Groundwater, Physicochemical Parameters, Arsenic, Fecal Coliform, Nepal

INTRODUCTION

Groundwater is an important source of fresh water for human consumption, irrigation and industrial use in many countries of the world. However, residential, industrial, commercial, agricultural and other anthropogenic activities together with natural conditions often lead to a deterioration in groundwater quality (Nair, Rajaveni, Schneider, & Elango, 2015). In twenty-first century, humanity is facing the major problems related to water quality issues (UN Educ. Sci. Cult. Organ. (UNESCO, 2009) . Good quality of drinking water is very crucial for life. Rapidly increasing human population and their expectations increase the demand on exploitation of existing resources including water (Chowdhury, 2013). Groundwater has been estimated to provide almost half of all drinking water worldwide with 2.5 billion people depending solely on this resource to satisfy their daily needs for water ( (UNESCO, 2012) ). The Escherichia coli are the only real indicator of fecal contamination in groundwater as they are of intestinal origin and found in faces (WHO, 2011)

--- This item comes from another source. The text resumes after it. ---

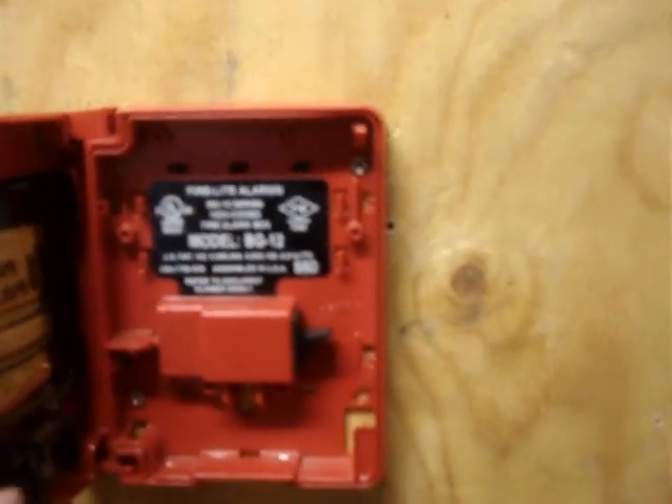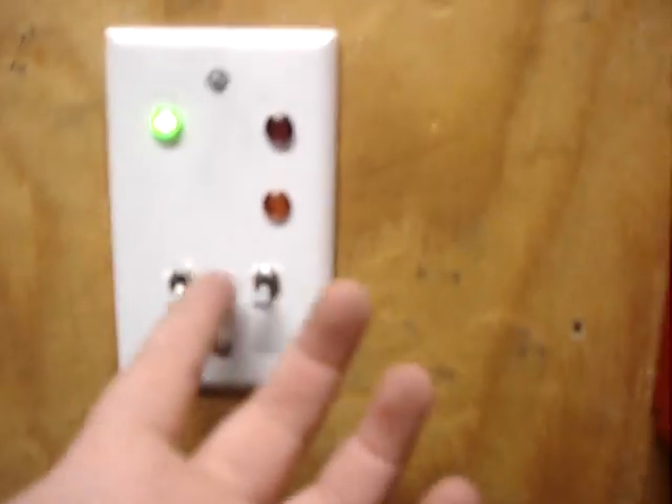Now silence. Reset the pull station. Then you turn off silence, and also test mode. Here we go.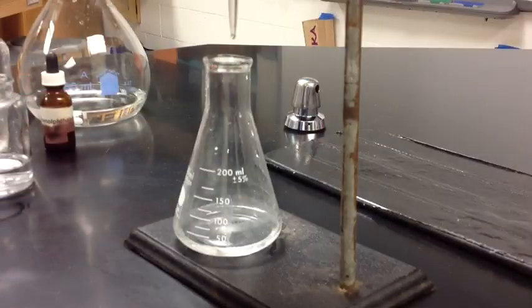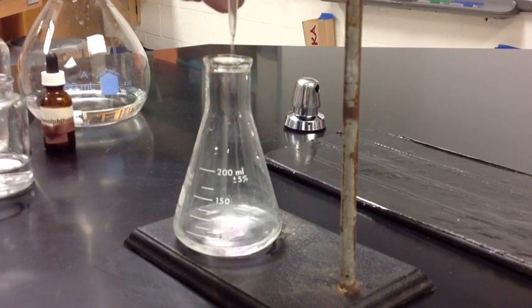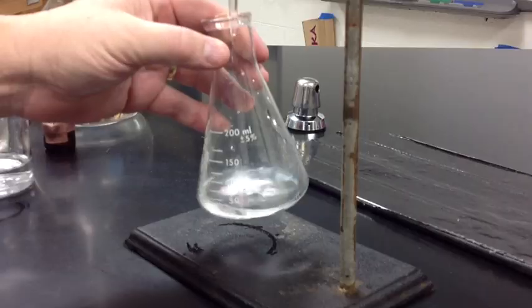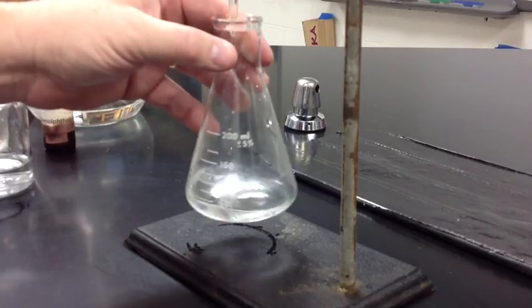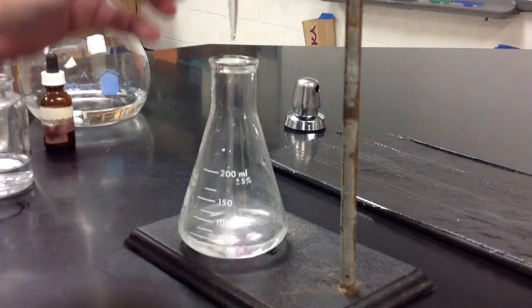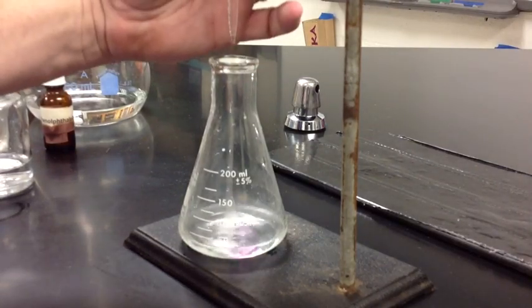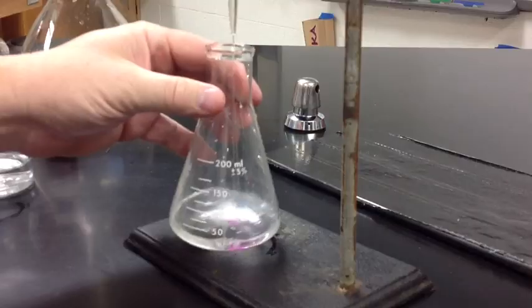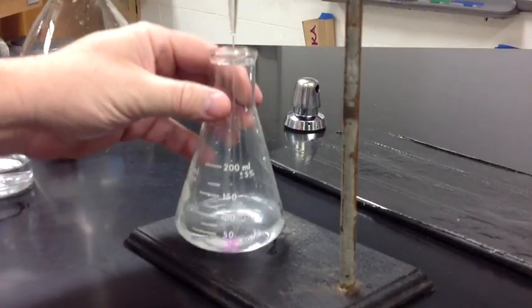Now we will begin the titration process by adding some sodium hydroxide to our acid solution. You will notice that we are going to start seeing pink, and as we swirl it, the pink will disappear. So we will add it at a little faster rate — see the pink forming? We swirl it and notice the pink goes away.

Anthropogenic pollutants that contaminate the water resources are categorized into two types; point sources and non-point (diffuse) sources. Point sources are industrial premises, towns, agricultural installations, manure storage, and landfills whereas non-point (diffuse) sources consist of leaching of nitrates and pesticides into surface and ground water as a result of rainfall, soil infiltration, and surface run off from agricultural land. These sources can cause significant variation in the contamination level of water over time (Fawell & Nieuwenhuijsen, 2003).

According to Susan Murcott, MIT, USA, in Nepal, near about 44, 000 children under the age of 5 die every year from water borne diseases. About 67% of children in Nepal are under the threat of water-borne diseases (Net, 2001). Almost all the population of Terai including Biratnagar relies on groundwater for drinking, household uses, industrial purposes as well as irrigation and tube wells serve the major source of drinking water. In Nepal, groundwater is at risk of contamination mostly from pathogenic bacteria, pesticides, nitrate and industrial effluents due to sewage and application of inorganic fertilizers and pesticide spray in agricultural activities (Jacobson, 1996). About 0.5 million of villagers in Terai region are at the risk of arsenic poisoning (Tandukar, Bhattacharya, & Mukherjee, 2001) and in Nepal, more than 11 million people are believed to be exposed to as contamination (Shrestha et al., 2003). Elevated levels of turbidity, free-carbondioxide, arsenic, iron, manganese as well as fecal colliform has been reported from Biratnagar (Das & Choudhary, 2018).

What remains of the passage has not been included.